This year‘s Tax freedom day fell to June 1 according to analysis of the F. A. Hayek Foundation and Slovak Taxpayers Association.
After last year, when Tax Freedom Day fell on June 1, Slovaks will this year work for the state a little longer. It is caused by slight increase in economic redistribution by the government. Compared to the last year, Slovak citizens will celebrate tax freedom about a half hour later. Main reasons are gradual slowdown of the growth of the Slovak economy and government consolidation measures in the public finances.
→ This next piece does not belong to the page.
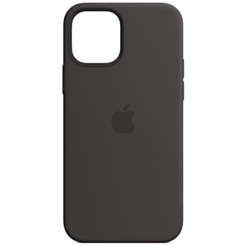 Чехол iPhone 12/12 Pro Silicone  MagSafe Black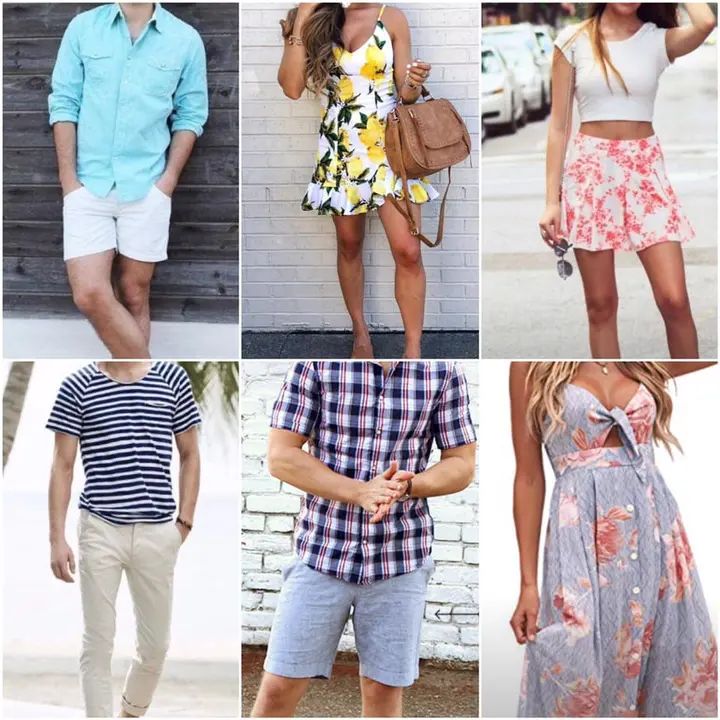 ‼️ 10 Days Away ‼️😱 don’t forget to get your summer outfits! Check the pics for some examples of how to come looking fresh 🌸🌼🌷💐🌺 Keep reading for more details of what’s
Tax Freedom Day, represents the day, in which the average citizen earned enough income to pay his annual tax burden. Thus, if the overall tax burden would represent fifty percent, citizens would be working first half of the year for the state and second half for themselves and their families.
According to the F. A. Hayek Foundation, total redistribution rate in Slovakia in this year is 41.71% of gross domestic product. This means government redistributes nearly 42 cents of every euro generated in Slovakia. In comparison, last year redistribution rate was 41,68%.
Converted to the working days, this means that until June 3, Slovak citizens submitted all their earnings to the state and from about 10:30 in the morning, they are already beginning to work for themselves and their families.
F. A. Hayek Foundation and Slovak Taxpayers Association have been calculating Tax Freedom Day in Slovakia since 1999. It represents the day citizens on avarage stop working for the government and begin working for themselves and their families. This is simple, straightforward way to demonstrate stete‘s burden on its citizens.
The Tax Freedom Day shift to the detriment of taxpayers was caused by following factors:
- Slowdown of economic growth of the Slovak economy. Economic redistribution is measured by the share of consolidated government expenditure on gross domestic product. This year’s slower economic growth combined with a increase in consolidated government expenditures contributed to the higher rate of redistribution and pushed Tax Freedom Day closer to the end of the year. Calculations are based on current forecast of GDP growth published by the National Bank of Slovakia, which assumes Slovak economy will grow by 0.7% GDP.
- Government consolidation of public finances. In the long term, objective of a balanced budget is very important. Consolidation measures on the revenue side, however, pose a risk of further damping already slowing growth of the Slovak economy. The rate of consolidated government expenditure this year will rise again even if the government manages to reduce the public deficit this year as planned.
We emphasize that compared to the past years, in which multiple warnings of our analysts were confirmed (e.g. deficit threat), we included in calculating Tax Freedom Day some potential risks of public finances in a very conservative manner. Given the high degree of uncertainty, the real Tax Freedom Day could fall even more in the expense of the taxpayer than our conservative calculation shows.